Il y a dans cette page autant d’erreurs, et nous n’avons pas à les réfuter après tout ce que nous avons dit, que de mots.

Mais un homme qui n’avait pas, contre l’art religieux, les préventions philosophiques de Renan, Brunetière, a dit ceci, qui est absurde : « Une cathédrale gothique n’a rien de plus français à Paris qu’à Cologne, ni de plus allemand à Cologne qu’à Cantorbéry[1]. » Les églises gothiques varient, même en France, de province à province, selon les écoles.

Et M. Faguet[2] écrit sérieusement : « Le moyen âge n’avait pas le sens de la nature. » Quand on pense que cela est dit à propos de ces XIIIe et XIVe siècles, où les artistes faisaient précisément, de la nature animale et végétale copiée avec le plus sincère réalisme, la parure des Cathédrales, on se demande comment une telle contre-vérité a pu trouver place dans un esprit renseigné.

Dans les arts comme dans les lettres, presque toutes les personnalités régulières, disciplinées, officielles, gardent, inconsciemment souvent, le pli de la pédagogie surannée. Si les architectes, notamment, admiraient les monuments gothiques, il est certain qu’ils n’accepteraient pas le mandat de les déshonorer en les restaurant d’après les principes de l’École.
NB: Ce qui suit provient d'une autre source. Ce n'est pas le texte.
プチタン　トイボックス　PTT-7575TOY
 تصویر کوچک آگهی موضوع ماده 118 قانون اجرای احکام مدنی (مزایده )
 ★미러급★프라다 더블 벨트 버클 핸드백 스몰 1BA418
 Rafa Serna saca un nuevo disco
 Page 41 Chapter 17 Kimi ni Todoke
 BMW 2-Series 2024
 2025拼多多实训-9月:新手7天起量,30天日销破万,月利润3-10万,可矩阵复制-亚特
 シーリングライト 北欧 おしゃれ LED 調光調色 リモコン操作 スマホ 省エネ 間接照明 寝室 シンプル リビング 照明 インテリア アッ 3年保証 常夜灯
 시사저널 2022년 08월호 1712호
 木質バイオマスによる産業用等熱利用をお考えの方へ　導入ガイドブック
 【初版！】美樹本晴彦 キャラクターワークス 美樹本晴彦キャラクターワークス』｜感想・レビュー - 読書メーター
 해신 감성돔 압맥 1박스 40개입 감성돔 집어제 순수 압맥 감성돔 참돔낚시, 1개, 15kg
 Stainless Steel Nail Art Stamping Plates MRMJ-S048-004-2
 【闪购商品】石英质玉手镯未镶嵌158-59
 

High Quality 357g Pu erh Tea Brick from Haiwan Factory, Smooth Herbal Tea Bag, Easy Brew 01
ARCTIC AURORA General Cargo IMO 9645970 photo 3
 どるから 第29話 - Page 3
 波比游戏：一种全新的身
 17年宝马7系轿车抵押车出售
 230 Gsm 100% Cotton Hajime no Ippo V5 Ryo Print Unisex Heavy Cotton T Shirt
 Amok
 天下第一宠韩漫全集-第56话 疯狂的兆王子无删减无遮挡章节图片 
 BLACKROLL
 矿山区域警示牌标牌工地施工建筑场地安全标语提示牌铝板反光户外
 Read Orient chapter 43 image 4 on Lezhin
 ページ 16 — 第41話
Jusqu’à cette heure, en dehors du cercle restreint des archéologues, c’est parmi les poètes et les artistes indépendants, campés de l’autre côté de la loi académique, si nous osons dire, que l’art du moyen âge a rencontré la compréhension, l’admiration, l’enthousiasme. C’est ainsi que nous avons vu l’âme même du moyen âge se réveiller en l’un des moins officiels et des plus grands poètes du XIXe siècle finissant. On a comparé Verlaine à Villon. Mais l’auteur de Sagesse prend bien plus haut que le XVe siècle la date de son génie. Sagesse est proprement une Cathédrale gothique du XIIIe siècle. Le livre a les mêmes proportions que le

  1. Manuel d’histoire de la littérature française.
  2. Histoire de la littérature française.